Gegara Perang, Sri Mulyani Putar Otak Atur Strategi Belanja

Jakarta, CNBC Indonesia - Pandemi Covid-19 yang belum usai ditambah adanya tensi geopolitik Rusia dan Ukraina, membuat Menteri Keuangan Sri Mulyani perlu memutar otak untuk memaksimalkan belanja negara tahun ini yang mencapai Rp 2.714 triliun.
Sri Mulyani menjelaskan tahun ini merupakan tahun ketiga infeksi virus corona menjangkiti Indonesia, sekaligus menjadi kesempatan terakhir pemerintah untuk membuat fleksibilitas APBN diperkenankan berada di atas 3% dari produk domestik bruto (PDB).
Adapun pada 2023, sesuai dengan amanat Undang-Undang Nomor 2 Tahun 2020 tentang Kebijakan Keuangan Negara dan Stabilitas Sistem Keuangan untuk Penanganan Pandemi Covid-19, defisit APBN harus kembali ke level di bawah 3% dari PDB.
"Di dalam Undang-Undang Nomor 6 Tahun 2021, pendapatan negara ditargetkan mencapai Rp 1.846 triliun, belanja negara Rp 2.814 triliun, dengan defisit diperkirakan Rp 868 triliun atau 4,85% dari PDB," jelas Sri Mulyani dalam Rapat Koordinasi Nasional (Rakornas) Pelaksanaan Anggaran Tahun 2022, Rabu (13/4/2022).
Sri Mulyani menjelaskan penyusunan APBN 2022 telah mengantisipasi risiko besar, seperti mutasi varian baru Covid-19, yang kemudian terjadi saat varian Omicron menyebar. Namun, belum reda mengantisipasi penyebaran virus Covid-19 di dalam negeri, ternyata muncul risiko lainnya yakni perang Rusia dan Ukraina.
Tensi geopolitik Rusia dan Ukraina itu, kata Sri Mulyani, diperkirakan dapat mengubah pelaksanaan APBN 2022. Di satu sisi, Indonesia menuai berkah atas tingginya harga komoditas yang merupakan imbas dari konflik Rusia dan Ukraina, namun di sisi lain kenaikan harga energi membebani subsidi.
"Pelaksanaan APBN 2022 mengalami perubahan dari penerimaan, akan dapat pendapatan dari pemulihan dan harga komoditas, namun dari sisi belanja negara, terutama belanja melindungi masyarakat dari pandemi dan kenaikan harga komoditas yang sangat-sangat drastis," ujarnya.
Sri Mulyani mengatakan fungsi APBN menjadi penyeimbang sekaligus penopang perekonomian atau biasa disebut dengan shock absorber. APBN menjadi alat untuk menerima guncangan perekonomian sehingga masyarakat tidak ikut merasakan dampak rambatan dari pandemi dan tensi geopolitik Rusia dan Ukraina.
"APBN menjadi penting dan pertaruhan suatu negara mampu menghadapi shock atau guncangan yang bertubi-tubi datang tanpa permisi, dia begitu saja datang, outbreak enggak pake assalamualaikum dan dampaknya sangat besar," tuturnya.
"Perang geopolitik juga menyebabkan kerusakan supply chain terhadap komoditas penting manusia, yakni pangan.

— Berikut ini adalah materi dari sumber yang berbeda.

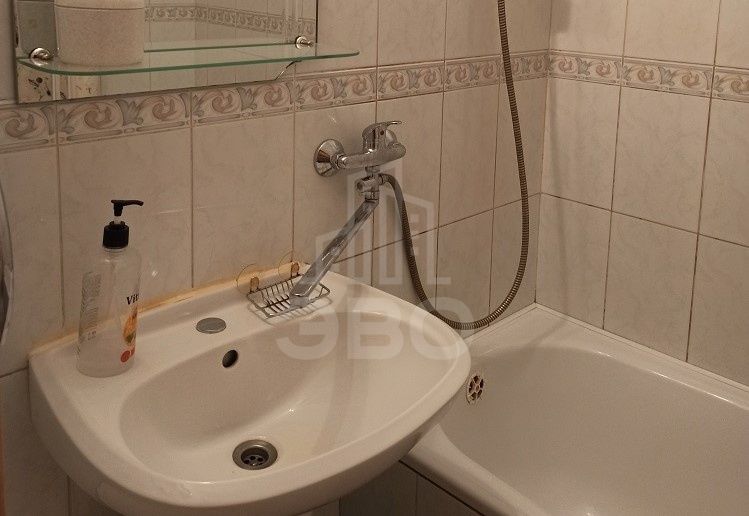 однокомнатная квартира в Санкт-Петербурге по адресу: Дмитрия Устинова ул., 8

Pelajaran kita dalam mengelola APBN, perencanaan, pelaksanaan, dan pertanggungjawaban akan terus fleksibel namun fokus," imbuhnya.
Secara rinci, postur APBN 2022 yang sudah direncanakan pemerintah yakni pendapatn negara ditargetkan bisa mencapai Rp 1.846,1 triliun, perpajakan Rp 1.510 triliun, Pendapatan Negara Bukan Pajak sebesar Rp335,6 triliun. Hibah ditargetkan bisa mencapai Rp 0,6 triliun.
Kemudian, belanja negara diperkirakan mencapai Rp 2.714,2 triliun, Belanja Pemerintah Pusat Rp 1.944,5 triliun, transfer ke daerah dan dana desa (TKDD) sebesar Rp 769,6 triliun, dan defisit APBN diperkirakan sebesar Rp 868 triliun atau 4,85% terhadap PDB.